Leaving pictures out, repeat word for word the line that has "Image of Liberty" and each line that follows it to the end of the listing.
== Segment start ==
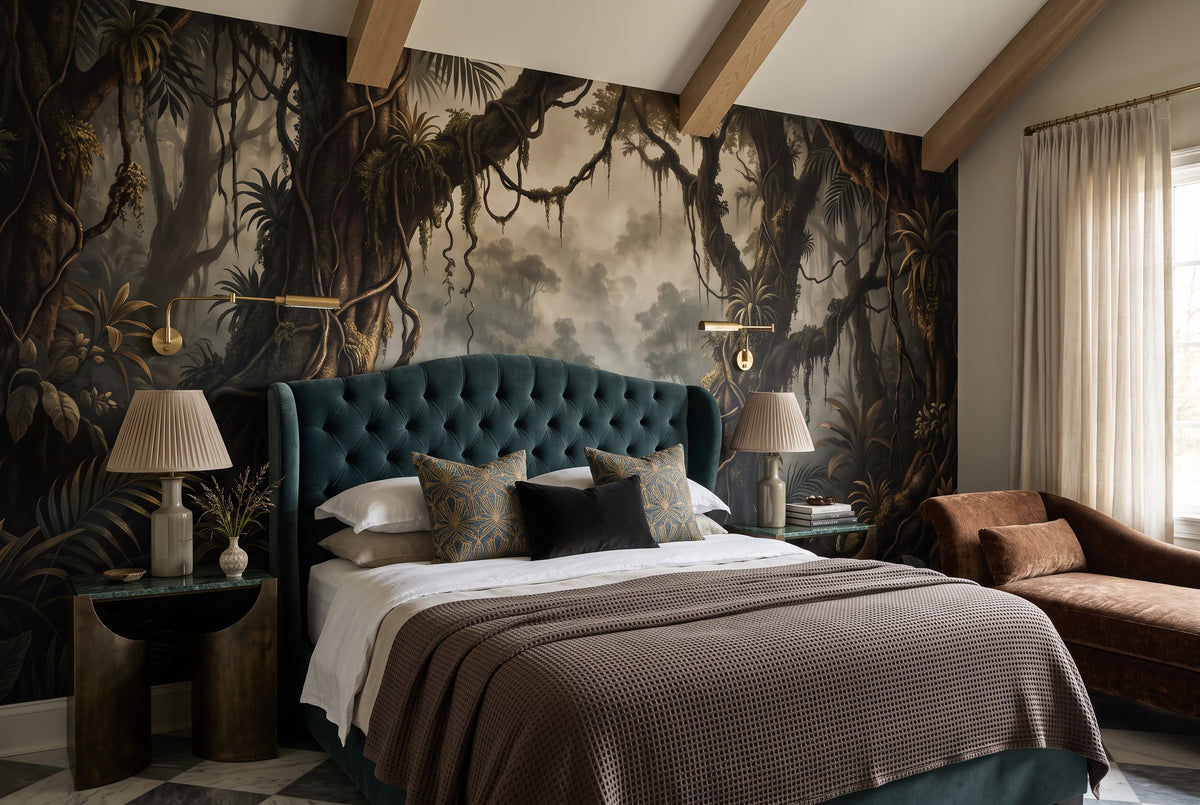 removable bedroom dark forest wallpaper mural sepia custom stick on non woven vinyl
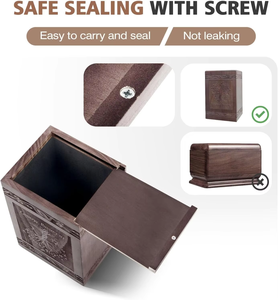 Caixa de Crematório de Madeira de Luxo Ecológica de Alta Qualidade Estilo Moderno para Cinzas de Gatos e Cães, Robusta e Durável - Product Image 5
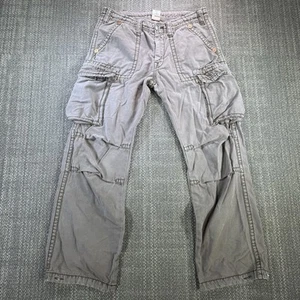 Pantalones De Colección True Religion Para Hombre 32 Actual 33x31 Marrón Carga Sueltos Solapa Bolsillos Y2K - Imagen 1 de 23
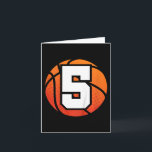 Kids Basketball Birthday 5, 5 år gammal B Kort<br><div class="desc">Kids Basketball Birthday 5,  femåring</div>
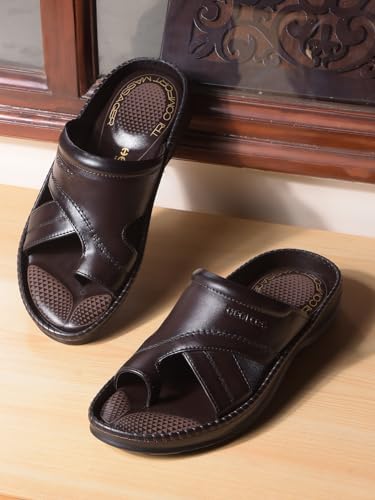 Image of Liberty Healers Black & Brown Ethnic Thong Slippers for Men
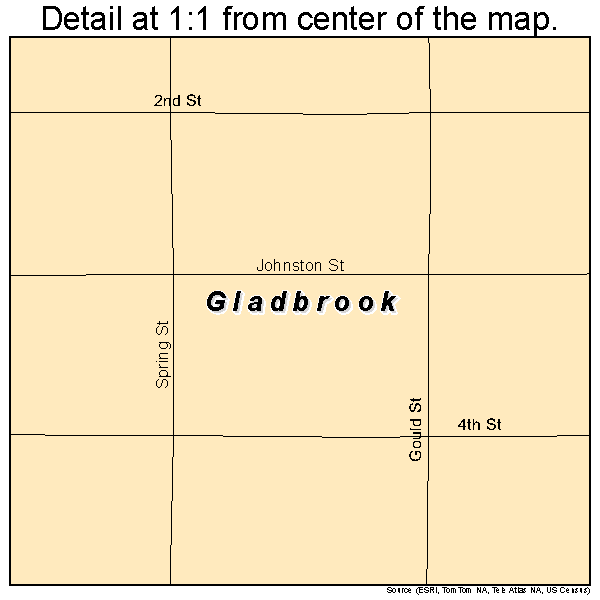 Gladbrook, Iowa road map detail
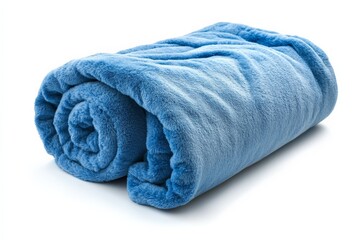 Soft blue fleece blanket rolled neatly for cozy lounging at home or outdoor adventures in any season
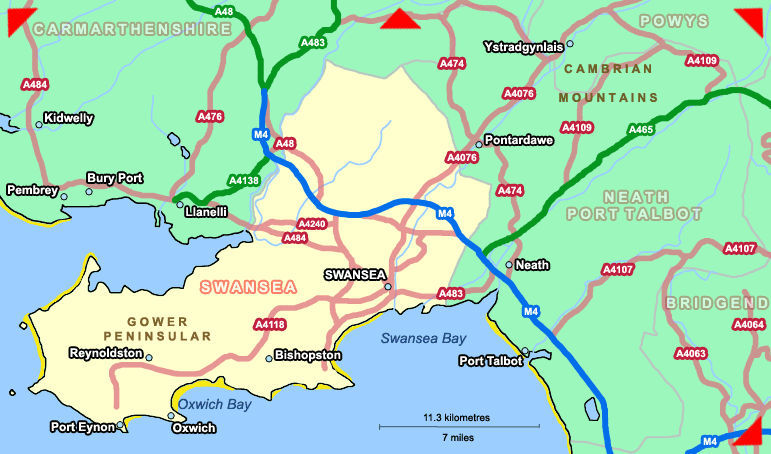 City of Swansea Map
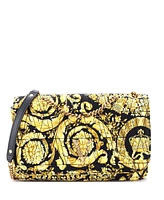 Pre-Owned Versace Medium Virtus Chain Flap Shoulder Bag Barocco Print Silk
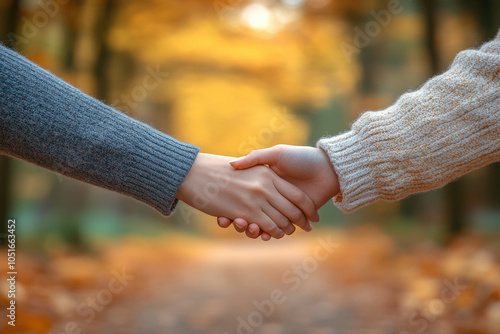 Handshaking in Autumn Forest 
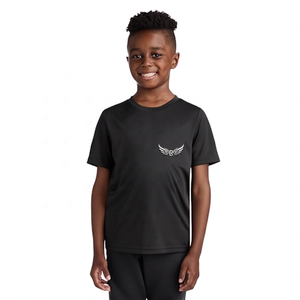 Camiseta Negra de Manga Corta con Estampado de Logotipo de Ala, Secado Rápido, Corte Regular, Camiseta Informal para Hombre - Product Image 1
== Segment end ==
Your solution >>
 Image of Liberty Healers Black & Brown Ethnic Thong Slippers for Men
 Gladbrook, Iowa road map detail
 Soft blue fleece blanket rolled neatly for cozy lounging at home or outdoor adventures in any season
 City of Swansea Map
 Pre-Owned Versace Medium Virtus Chain Flap Shoulder Bag Barocco Print Silk
 Handshaking in Autumn Forest 
 Camiseta Negra de Manga Corta con Estampado de Logotipo de Ala, Secado Rápido, Corte Regular, Camiseta Informal para Hombre - Product Image 1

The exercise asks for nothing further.